When I organized the SIGIR 2009 Industry Track last year, my goal was to meet the standard set by the CIKM 2008 Industry Event: a compelling set of presentations that would give researchers an opportunity to learn about the problems most relevant to industry practitioners, and offer practitioners an opportunity to deepen their understanding of the field in which they are working. I was mostly happy with the results last year, and the popularity of the industry track relative to the parallel technical sessions suggest that my assessment is not simply from personal bias.
But this year the SIGIR 2010 Industry Track broke new ground. The keynotes were from some of the most senior technologists at the world’s largest web search engines:
- William Chang, Chief Scientist at Baidu
- Yossi Matias, Head of Google’s Israel R&D Center
- Jan Pedersen, Chief Scientist for Core Search at Microsoft (Bing)

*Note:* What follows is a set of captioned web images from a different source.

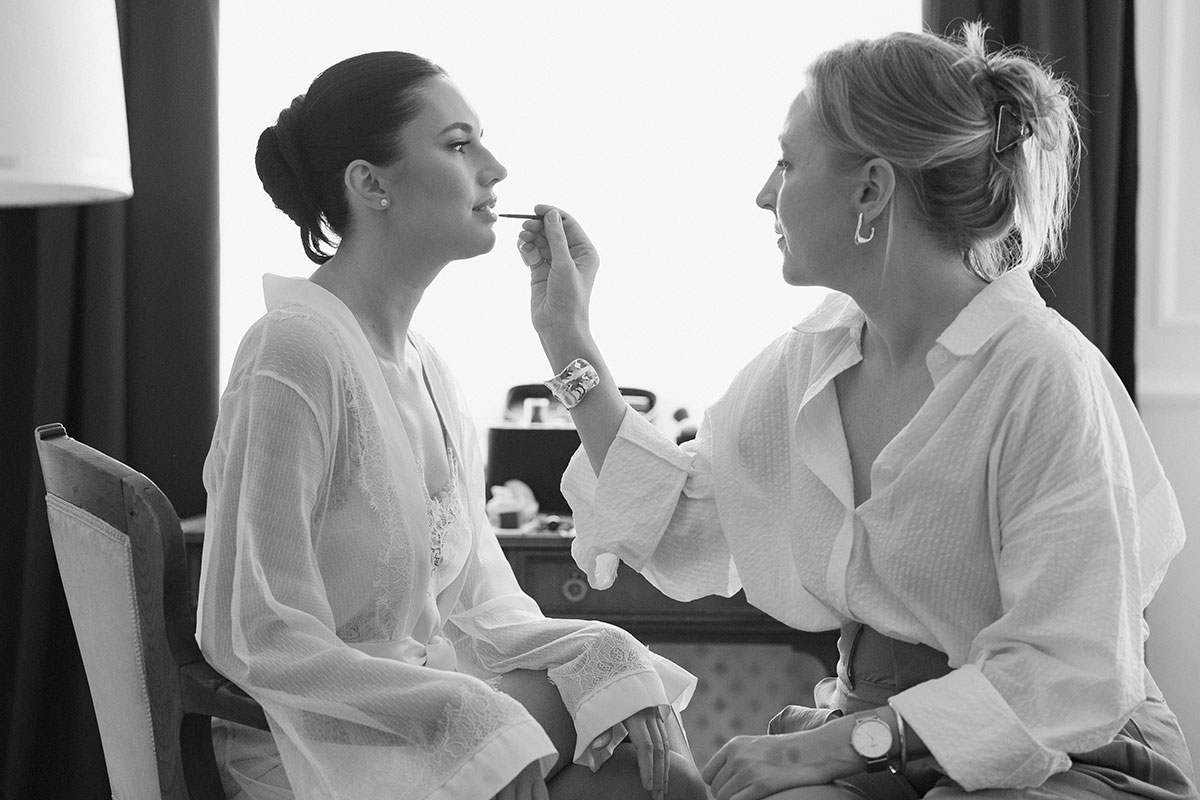 Personal moment during bridal makeup – calm, attentive guidance with sensitivity to personality and atmosphere.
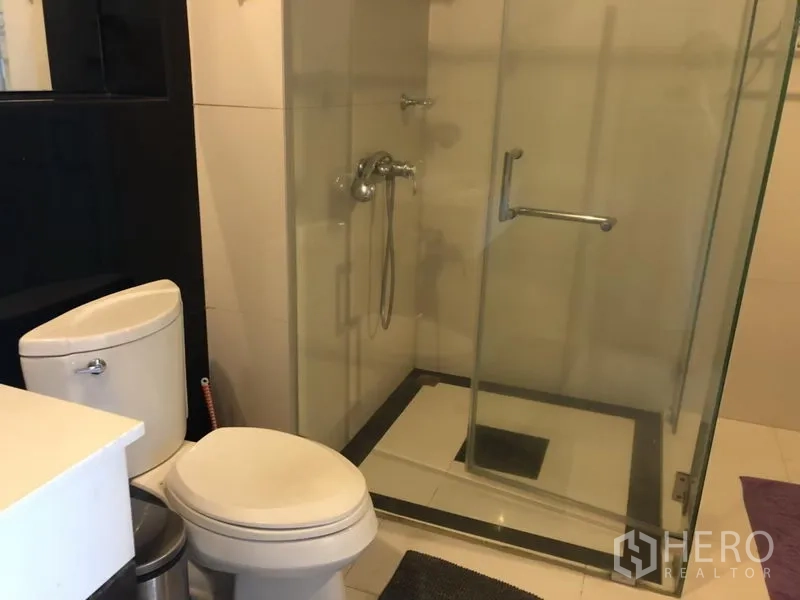 Condominium for rent in Pathum Wan, Bangkok - Modern bathroom with a glass-enclosed shower and white toilet.
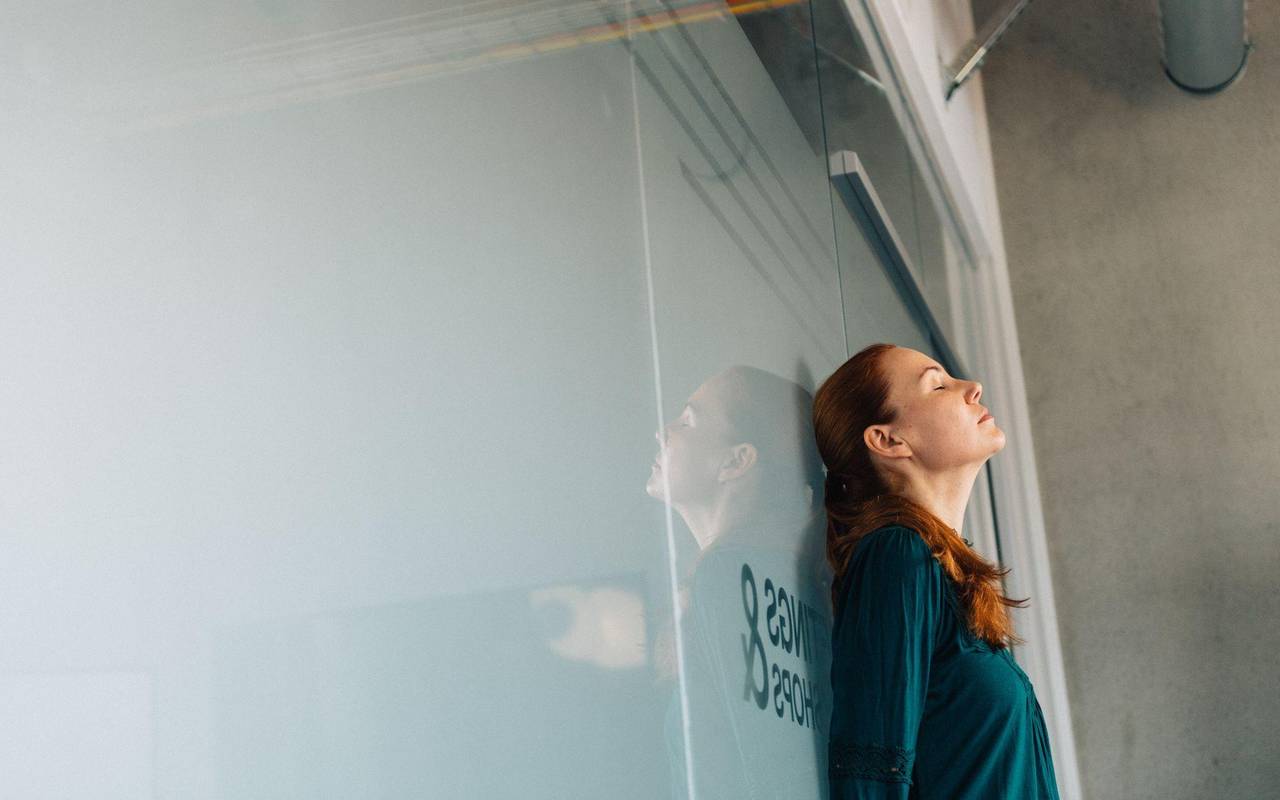 Eine Frau lehnt erschöpft an einer Glaswand im Büro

- Ilya Segalovich, CTO and Co-Founder of Yandex
I won’t attempt to provide much detail about these presentations, first because
I’m hoping they will all be they have all been posted online and second because Jeff Dalton has already done an excellent job of posting live-blogged notes. Rather, I’ll offer a few reactions.
William’s presentation on the “Future Search: From Information Retrieval to Information Enabled Commerce” unsurprisingly focused on the Chinese search-related market. While the topic of Google in China was an elephant in the room, it did not surface even obliquely in the presentation–and I commend William for taking the high road. As for Baidu itself, its most interesting innovation is Aladdin, an open search platform that allows participating webmasters to submit query-content pairs.
Yossi’s presentation on “Search Flavours at Google” was a tour de force of Google’s recent innovations in the search and data mining space. The search examples most focused on the challenges of incorporating context into query understanding–where context might involve geography, time, social network, etc. But some of the more impressive examples showed off using the power of data to predict the present. More than anything, his presentation made clear that Google is doing a lot more than returning the traditional ten blue links.
Jan talked about “Query Understanding at Bing”. I really hope he makes these slides available, since they do a really nice job of describing a machine learning based architecture for processing search queries. To get an idea of this topic, check out Nick Craswell’s presentation from last year’s SIGIR.
Finally Ilya talked about “Machine Learning in Search Quality at Yandex”, the largest search engine in Russia. He described the main challenge in Russia as handling the local aspects of search: he gave as an example that, if you’re in a small town in Russia, then local results in Moscow may as well be on the moon. Local search is a topic close to my heart, not least of which because it is my day job! Ilya’s talked focused largely on Yandex’s MatrixNet implementation of learning to rank. What I’m surprised he didn’t mention is the challenges of data acquisition–in general, for domains beyond the web, obtaining high-quality data is often a much bigger challenge than filtering and ranking it.
All in all, the four keynotes collectively offered an excellent state-of-the-search-engine address. As with last year, the industry track talks were the most popular morning sessions, and the speakers delivered the goods.